In recent years, the web 3.0 movement, which seeks to fundamentally change the economics of the Internet, has gained significant momentum. For many telcos, the disruption caused by a shift to web 3.0 could open up opportunities to rebuild relevance and revenues in the consumer market.
Over the past 12 months or so, the notion that the Internet is about to see another paradigm shift has received a lot of airtime. Amid all the dissatisfaction with the way the Internet works today, the concept of web 3.0 is gaining traction. At a very basic level, web 3.0 is about using blockchains (distributed ledgers) to bring about the decentralisation of computing power, resources, data and rewards.

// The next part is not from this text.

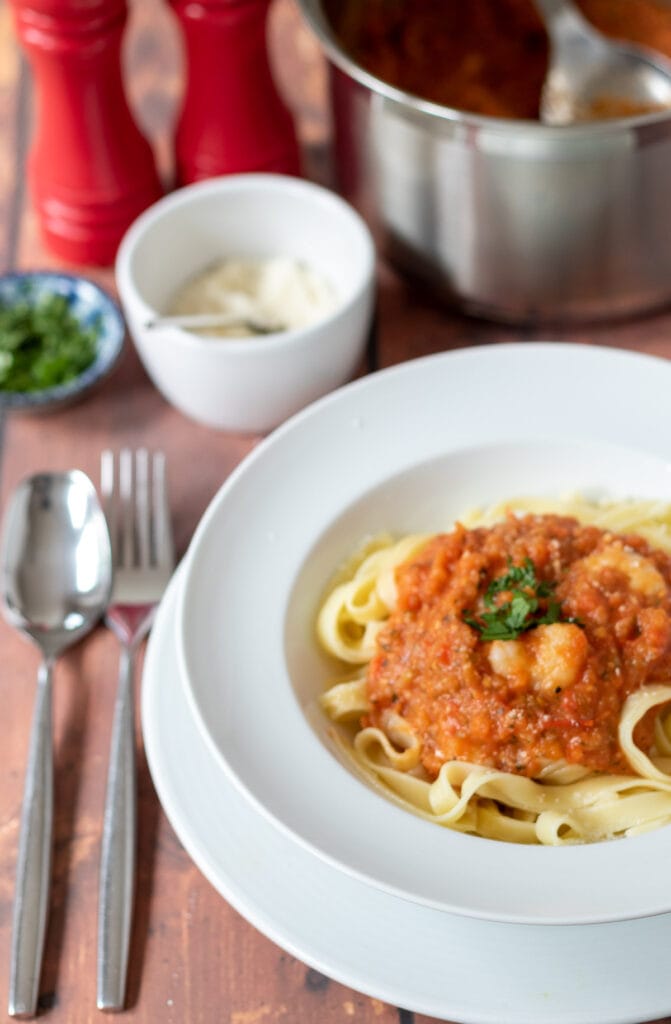A bowl of tagliatelle prawns in tomato and pepper sauce. Fork and spoon to the left side. Pan of sauce and dishes of grated parmesan and chopped parsley above.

STL Partners has written extensively about the emergence of blockchains and the opportunities they present for telcos. But the most recent report takes a different perspective – it considers whether blockchains and the decentralisation they embody will fix the public Internet’s flaws and usher in a new era of competition and innovation. It also explores the potential role of telcos in reinventing the web in this way and whether it is in their interests to support the web 3.0 movement or protect the status quo.
STL’s landmark report, The Coordination Age: A third age of telecoms, explained how reliable and ubiquitous connectivity can enable companies and consumers to use digital technologies to efficiently allocate and source assets and resources. In the case of web 3.0, telcos could help develop solutions and services that can help bridge the gap between the fully decentralised vision of libertarians and governments’ desire to retain control and regulate the digital world.
As it considers the opportunities for telcos, this report draws on the experiences and actions of Deutsche Telekom, Telefónica and Vodafone.
What do we mean by web 3.0?
The term web 3.0 is widely used to refer to the next step change in the evolution of the Internet. For some stakeholders, it is about the integration of the physical world and the digital world through the expansion of the Internet of Things (IoT), the widespread use of digital twins and augmented reality and virtual reality. This concept, which involves the capture and processing of vast amounts of real-time, real-world data, is sometimes known as the spatial web.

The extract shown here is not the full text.